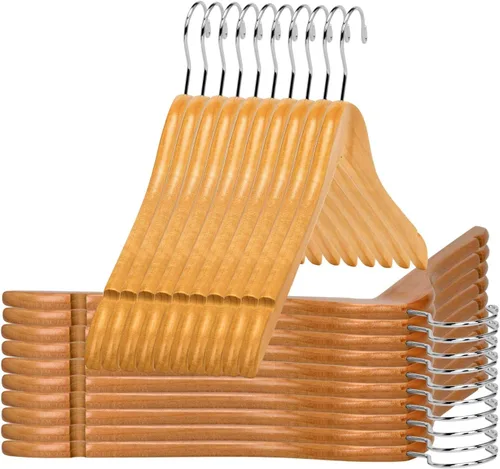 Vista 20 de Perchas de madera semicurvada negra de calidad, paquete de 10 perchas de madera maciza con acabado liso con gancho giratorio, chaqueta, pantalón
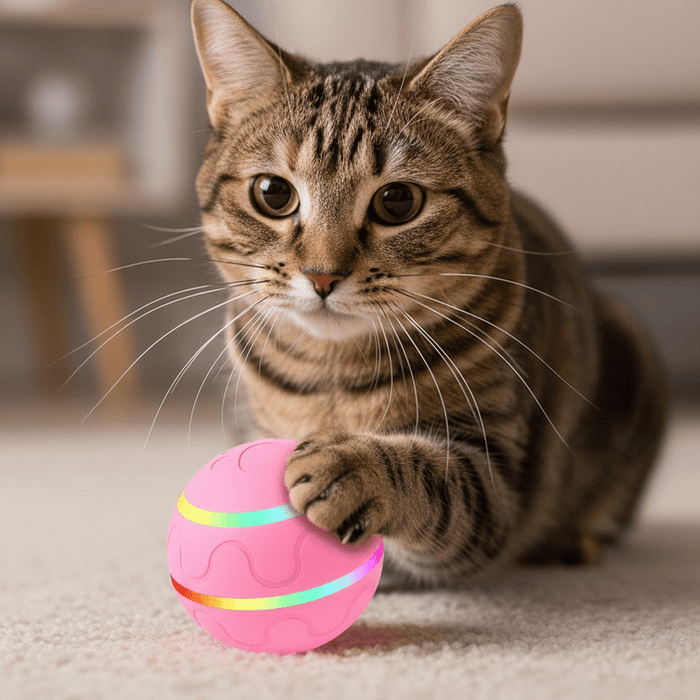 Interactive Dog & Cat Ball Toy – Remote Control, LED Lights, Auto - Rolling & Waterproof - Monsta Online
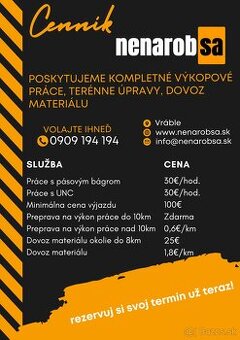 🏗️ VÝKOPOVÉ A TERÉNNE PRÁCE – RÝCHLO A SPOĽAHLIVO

• • •

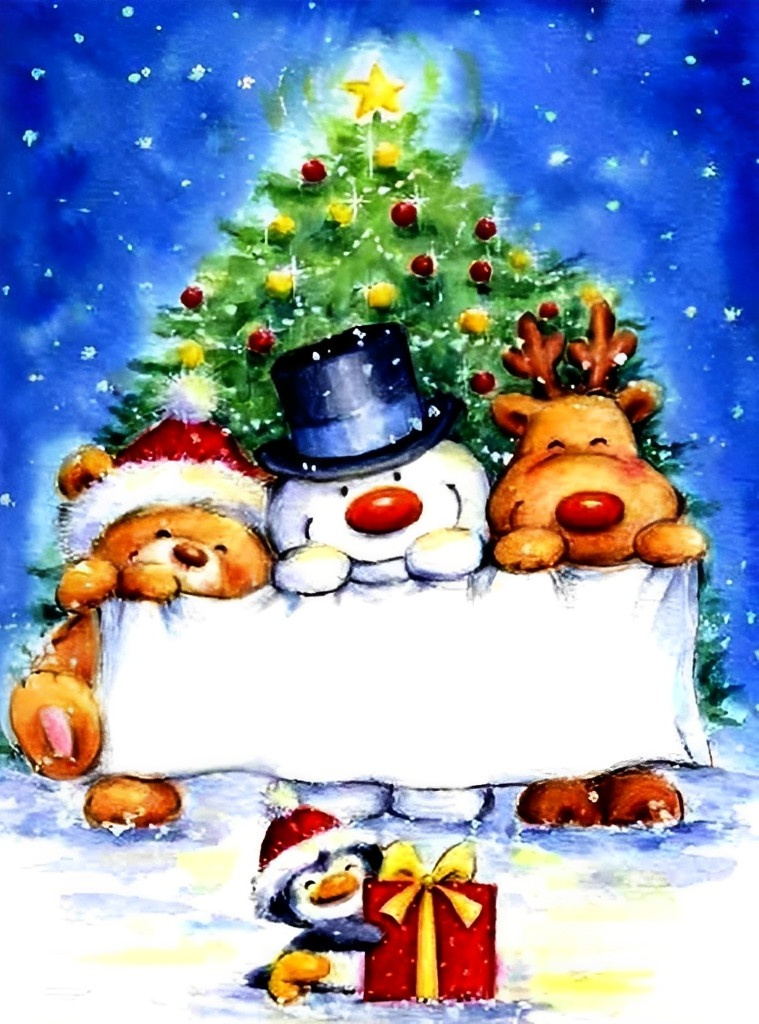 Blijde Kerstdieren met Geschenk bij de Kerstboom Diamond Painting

• • •

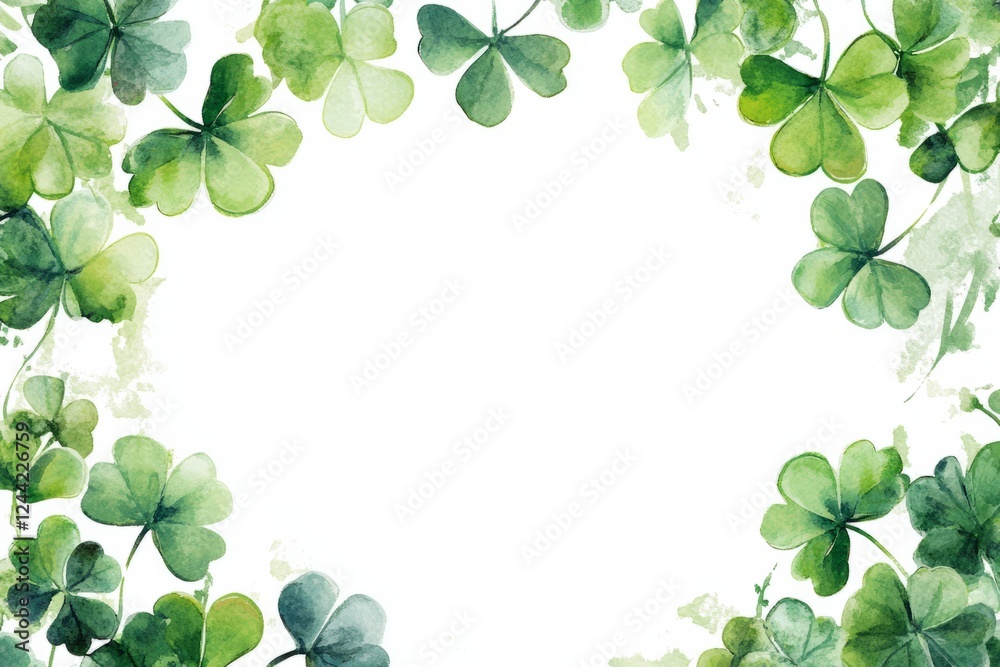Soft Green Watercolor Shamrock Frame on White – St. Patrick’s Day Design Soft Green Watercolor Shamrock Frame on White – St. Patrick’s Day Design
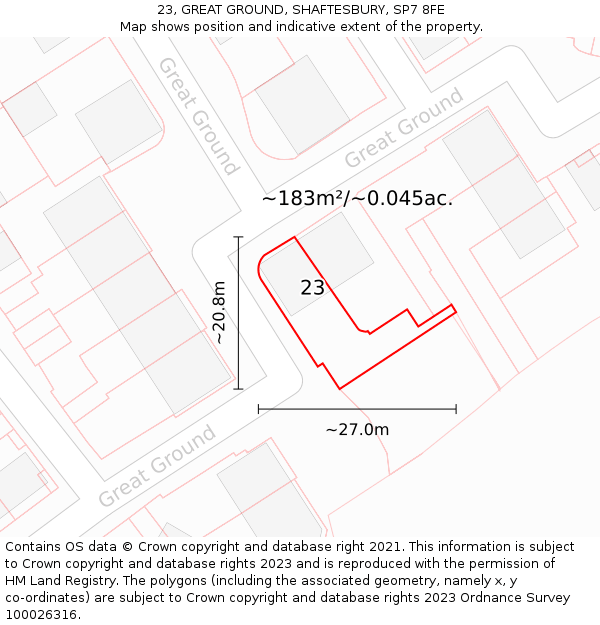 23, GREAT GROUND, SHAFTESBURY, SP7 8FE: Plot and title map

• • •

> What is expected
Skip every picture, and restate word for word only the lines above from the line containing "Interactive Dog &" to the line containing "RÝCHLO A SPOĽAHLIVO", both of them included.

> Exercise output
 Interactive Dog & Cat Ball Toy – Remote Control, LED Lights, Auto - Rolling & Waterproof - Monsta Online
 🏗️ VÝKOPOVÉ A TERÉNNE PRÁCE – RÝCHLO A SPOĽAHLIVO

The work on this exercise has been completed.